Возвращаясь к утверждениям, содержащимся в этой речи, которые мы сейчас рассматриваем: в речи как факт, которому все должны радоваться, заявлено, что в Бостоне одна обувная фабрика с помощью своих машин выполняет работу 30 000 сапожников в Париже, которым все еще приходится проходить через утомительную рутину ручного труда. Теперь, почему «рутина» шитья ботинка хоть в чем-то более «утомительна», чем рутина смазки, подачи и обслуживания машины? Машинная работа, напротив, из всей работы самая механическая, самая абсолютная рутина. Нет никаких доказательств того, что, поскольку работа 30 000 сапожников выполняется машиной, человечество в целом стало от этого счастливее. Мы знаем, что вся машинная работа уступает ручной; уступает в долговечности, в превосходстве качества и в неизбежном отсутствии того рода индивидуальности и оригинальности, которую ручная работа берет от пальцев, ее создающих. В «Семи светочах архитектуры» есть замечательное изложение этого неизмеримого различия в качестве, которое характеризует ручной труд и машинную работу; камня, вырезанного паром, и камня, вырезанного вручную. Давайте только рассмотрим, какой крах искусствам Индии принесло внедрение машин. Изысканная красота восточных изделий обусловлена индивидуальностью, которая в них вложена; рабочий, сидящий под своей рощей финиковых пальм, вкладывает оригинальное чувство, индивидуальный характер в каждую линию, выгравированную на металле, каждую нить, вплетенную в основу, каждый поворот, приданный слоновой кости. Машины уничтожают все это. Они делают машинами людей, которые их обслуживают, и придают бездушную и ненавистную монотонность всему, что производят.

Несмотря на хвастовство Плэйфэра, сапожник, который сидит на деревенской лужайке, делая добротную, пусть и простую работу, честно, придавая индивидуальность ботинку, над которым он трудится, и зная, на какой ноге он будет носиться и куда он пойдет, — это человек, и, возможно, на свой скромный лад, хороший художник; но обслуживающий персонал, который кормит обувную машину маслом или забирает из нее тысячи машинно-вырезанных кож, не лучше самой машины; он вовсе не «освобожден», он находится в рабстве. Сапожник на деревенской лужайке знает о свободе гораздо больше, чем он.

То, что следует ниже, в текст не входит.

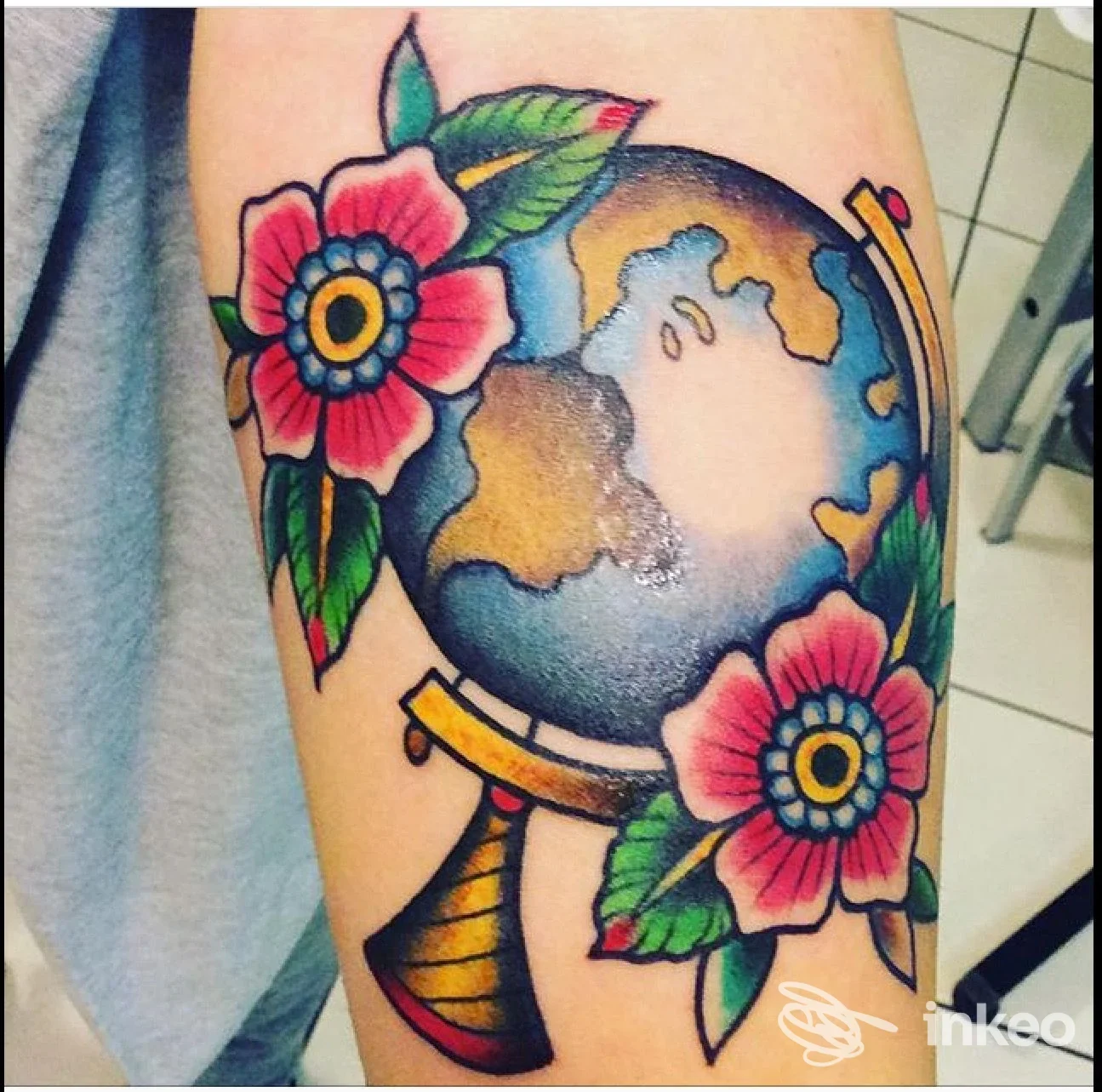 Tatuaggio a Belluno dello studio La Fenice Tattoo & Piercing: mappamondo tradizionale con fiori colorati sull'avambraccio.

Это любопытное утверждение, что ручной труд с его простором для оригинальности и личного интереса — это рабство, в то время как работа на фабриках, механическая, монотонная и выполняемая в уродливых помещениях и нездоровом воздухе, — это свобода, безусловно, самое странное заблуждение, которым когда-либо тешил себя фанатичный и предвзятый ум науки. Кто может сравнить свободу ребенка-туземца в деревне Бенарес, вырезающего игрушку из эбенового дерева или кокоса под пальмовыми листьями своего дома, с зелеными попугаями, качающимися, и обезьянами, болтающими в освещенных солнцем бамбуках над его головой, с рабством бедных маленьких болезненных и утомленных индусов, толпящихся терпеливыми стадами в зловонных фабричных помещениях Бомбея?

Президент Британской ассоциации, по-видимому, ожидает, что все люди, которых машины «освободили» от рутины их ежедневного призвания, все сразу сделают что-то бесконечно лучшее, чем они делали до того, как стали свободными. Но это кажется мне очень опрометчивым выводом. Если 30 000 сапожников все «освобождены» в Париже внедрением бостонской машины, так ли уж верно, что их свобода произведет что-то лучшее, чем хорошая пара обуви? Какая большая свобода в обслуживании машины, если они решат делать это, или в переходе на другую профессию? — одно или другое, несомненно, они должны делать, если хотят заработать на хлеб? Что они выиграли, будучи «освобожденными и переведенными с одного вида занятий на другой»? Я не вижу, что они выиграли. Выиграла ли публика? Это вызывает сомнения. Где будет выгода для их современников или для них самих, если эти 30 000 «освобожденных» сапожников станут телеграфными клерками или бухгалтерами? Кем-то они должны стать, если не хотят жить как нищие или попрошайки. Где их свобода? «Освобождены» — это соблазнительное и звучное выражение, но в анализе оно в данном случае просто ничего не значит. И, прежде чем оставить эту тему, позвольте мне также заметить, что если бы Плэйфэр знал о обуви столько же, сколько о науке, он бы знал, что машина для изготовления обуви — это самое нездоровое изобретение, потому что каждый ботинок или сапог, который не сделан специально для ноги, которая будет его носить, — это плохо сделанный ботинок, который причинит страдания и деформацию неразумному владельцу. Подавляющая масса населения каждой «цивилизованной» нации имеет деформированные ступни, потому что они покупают и носят готовую обувь, засовывая свои конечности в кожаные дома, никогда не предназначенные для них. Машины, которые делают обувь тысячами, могут только увеличить это зло. Как есть, мы никогда не видим случайно, чтобы кто-то ходил хорошо, если только это не кто-то, чья обувь сделана с большой осторожностью и мастерством, подогнана только к его ногам, или крестьяне, которые никогда не обували свои ноги вообще и ступают, с голой подошвой, твердо и легко на свою мать-землю. Наука может, без сомнения, выпускать миллионы дешевых ботинок, все точно одинаковые, но Природа не согласится принять такую монотонность контуров в ступнях, которые будут их носить.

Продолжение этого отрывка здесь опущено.